The SUBARU BOXER® engine is a perfect match for these buggies because they’re so ridiculously light. Essentially unmodified from a stock Impreza, the Boxer 4 provides enough torque to snake the buggy through a set of turns without multiple shifts.
2003 – The Subaru Baja
Sold from 2003 to 2006, the Baja was the funky 4-door truck/utility, inspired by Baja 1000 race trucks. It featured a pass-through hatch to extend the bed and was even powered by a variant of the EJ25 engine. It’s no wonder the Baja has a cult following.
Our first daylong trek leads us out to Mike’s Sky Ranch, a remote haven for riders accessible only by trail. It’s steeped in history; the windows of each room are plastered with decades of race team stickers, to the point where light barely shines through. Landmarks such as these and the trails around them are important not just to those who come from the world over to race, but also to the people who live here. In the rest of Mexico, soccer is the national sport. Here, it’s desert racing.
Lyn Woodward, an accomplished automotive journalist, experienced Wide Open for herself in 2017 during the Baja 1000. “The prestige about this event for [the Mexican people] is very real,” explains Woodward. “You realize this is a reverential and very respectful thing.”
Wide Open does a lot of community outreach as well. On Christmas, they take one of the rigs, with the driver dressed as Santa Claus, to local orphanages to hand out gifts. In the past, they have worked with a local orphanage for older kids to build a trade school, refurbishing the workshop and bringing in new equipment. It’s all part of a relationship between the race and the local people that spans generations. “You have kids whose parents and grandparents on both sides were pro drivers,” says Graham. “Imagine what they can do in a truck or bike.” Some of the best racing drivers in the world – including names from Indy, NASCAR®1 and Formula One – have come out to Baja and struggled. “Formula One drivers aspire to race the Baja 1000,” says Graham.

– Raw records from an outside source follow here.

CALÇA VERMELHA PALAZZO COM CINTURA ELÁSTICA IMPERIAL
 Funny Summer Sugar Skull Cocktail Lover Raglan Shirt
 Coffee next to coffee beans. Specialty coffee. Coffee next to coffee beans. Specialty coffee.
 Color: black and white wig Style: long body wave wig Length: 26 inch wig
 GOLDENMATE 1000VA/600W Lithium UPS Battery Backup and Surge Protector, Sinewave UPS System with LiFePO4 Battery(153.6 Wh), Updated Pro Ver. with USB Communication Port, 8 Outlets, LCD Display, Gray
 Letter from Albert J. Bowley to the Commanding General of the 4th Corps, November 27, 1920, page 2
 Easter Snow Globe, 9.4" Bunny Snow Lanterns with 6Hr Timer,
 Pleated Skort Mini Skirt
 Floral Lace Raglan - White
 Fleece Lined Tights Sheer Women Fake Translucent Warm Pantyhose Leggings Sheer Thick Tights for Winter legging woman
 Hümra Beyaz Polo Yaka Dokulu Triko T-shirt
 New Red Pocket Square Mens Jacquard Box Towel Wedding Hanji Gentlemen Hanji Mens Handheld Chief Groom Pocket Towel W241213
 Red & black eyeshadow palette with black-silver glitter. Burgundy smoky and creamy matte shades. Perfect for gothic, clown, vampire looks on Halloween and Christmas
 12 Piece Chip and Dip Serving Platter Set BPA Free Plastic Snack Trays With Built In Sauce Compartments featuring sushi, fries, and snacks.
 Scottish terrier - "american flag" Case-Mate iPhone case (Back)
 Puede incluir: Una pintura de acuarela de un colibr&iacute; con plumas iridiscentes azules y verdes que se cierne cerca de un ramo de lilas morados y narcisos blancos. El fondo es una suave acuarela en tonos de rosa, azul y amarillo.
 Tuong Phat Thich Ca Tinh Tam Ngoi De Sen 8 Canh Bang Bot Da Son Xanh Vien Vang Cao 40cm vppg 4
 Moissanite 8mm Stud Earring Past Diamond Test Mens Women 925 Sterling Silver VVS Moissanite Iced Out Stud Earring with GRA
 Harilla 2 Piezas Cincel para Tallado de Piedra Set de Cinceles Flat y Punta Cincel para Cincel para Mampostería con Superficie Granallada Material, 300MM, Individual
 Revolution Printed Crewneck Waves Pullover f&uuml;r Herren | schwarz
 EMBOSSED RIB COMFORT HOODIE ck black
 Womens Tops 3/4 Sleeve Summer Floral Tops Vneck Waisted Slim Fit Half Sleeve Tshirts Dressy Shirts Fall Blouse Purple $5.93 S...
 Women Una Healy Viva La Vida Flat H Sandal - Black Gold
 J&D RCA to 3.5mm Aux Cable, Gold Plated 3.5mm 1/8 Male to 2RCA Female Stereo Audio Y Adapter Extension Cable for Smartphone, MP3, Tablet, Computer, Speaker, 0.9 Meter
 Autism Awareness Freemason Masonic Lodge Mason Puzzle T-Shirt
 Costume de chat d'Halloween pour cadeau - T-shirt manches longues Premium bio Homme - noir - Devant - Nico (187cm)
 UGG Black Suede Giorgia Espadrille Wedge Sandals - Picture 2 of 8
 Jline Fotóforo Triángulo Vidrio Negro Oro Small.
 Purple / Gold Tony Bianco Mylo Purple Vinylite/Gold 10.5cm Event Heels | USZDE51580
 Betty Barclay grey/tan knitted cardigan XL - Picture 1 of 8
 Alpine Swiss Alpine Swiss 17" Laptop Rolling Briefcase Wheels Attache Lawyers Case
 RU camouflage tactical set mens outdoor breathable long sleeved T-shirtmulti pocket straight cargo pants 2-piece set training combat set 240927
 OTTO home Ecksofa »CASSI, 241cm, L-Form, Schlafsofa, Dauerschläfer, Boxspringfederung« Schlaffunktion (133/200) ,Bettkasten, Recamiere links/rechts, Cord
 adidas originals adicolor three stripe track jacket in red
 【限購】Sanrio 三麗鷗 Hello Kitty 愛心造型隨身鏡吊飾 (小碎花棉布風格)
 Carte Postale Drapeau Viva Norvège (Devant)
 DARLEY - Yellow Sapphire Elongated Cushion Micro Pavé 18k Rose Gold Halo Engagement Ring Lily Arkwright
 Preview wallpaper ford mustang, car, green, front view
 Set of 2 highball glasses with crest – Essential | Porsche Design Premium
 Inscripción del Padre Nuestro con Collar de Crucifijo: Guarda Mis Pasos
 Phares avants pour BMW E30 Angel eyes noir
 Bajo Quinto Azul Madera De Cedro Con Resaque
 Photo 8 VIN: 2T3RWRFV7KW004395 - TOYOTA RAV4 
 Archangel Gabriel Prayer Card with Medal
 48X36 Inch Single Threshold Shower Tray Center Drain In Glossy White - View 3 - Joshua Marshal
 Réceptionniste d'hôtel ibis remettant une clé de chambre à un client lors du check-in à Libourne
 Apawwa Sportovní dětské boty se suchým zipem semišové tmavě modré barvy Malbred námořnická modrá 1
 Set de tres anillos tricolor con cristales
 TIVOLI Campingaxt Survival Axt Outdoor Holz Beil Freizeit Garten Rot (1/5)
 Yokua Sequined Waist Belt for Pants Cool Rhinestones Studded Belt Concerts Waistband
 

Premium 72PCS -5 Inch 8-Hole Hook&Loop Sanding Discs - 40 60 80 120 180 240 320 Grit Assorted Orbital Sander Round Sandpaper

Woodward sees the Baja in a similar vein. “You start looking at the rigors of the 500 and 1000,” she says, “and … those guys and girls are truly made of armor.” Still, there’s more to the race than the grit of its drivers; it has a vibe like no other. “You can feel the history out here. The race. The drivers. It’s palpable.”
But when you’re rocketing along a desiccated riverbed at 60 mph, barely making out cattle and slower ATV drivers in the clouds of dust, you don’t have time to think about the history. Hours in, though, you put on more miles, your white-knuckle grip on the wheel begins to ease, you start to develop confidence, and your speed starts to climb.
“All this equipment can make you super bold,” says Woodward. “There’s no being contemplative. Just go over it [you’re thinking]. But those trails are not groomed. No guardrails. If you screw up, you’re on your own.” She summarizes her experience this way: “It was the closest to how it was like to be a cowboy. But a cowboy in a crazy vehicle.”
By the final afternoon, I’ve mastered the clutch, brakes and gated shifter, but coming out of the corners still feels like a dark art. At one point, Graham likens the steering to rally driving, and it all clicks. I reduce the number of steering inputs and point the vehicle where I want to go. It feels right.
2019 – Crosstrek Desert Racer
In June 2019, the Subaru of America-sponsored Crosstrek Desert Racer – piloted by father/son team of Neal and Dusty Grabowski – was the only vehicle in its class to finish the grueling Baja 500, winning Class 5 in a time just over 16 hours.
At another point, Graham says calmly, “This next part you’re going to be airborne for a sec. Just make sure to let off the throttle when you get that air.”
I’ve done plenty of off-roading, driven plenty of sports cars and even raced open-wheel formula cars, but here in long stretches across the desert floor, where I can see for a mile ahead and there is no danger in keeping the throttle pinned, I find my automotive nirvana.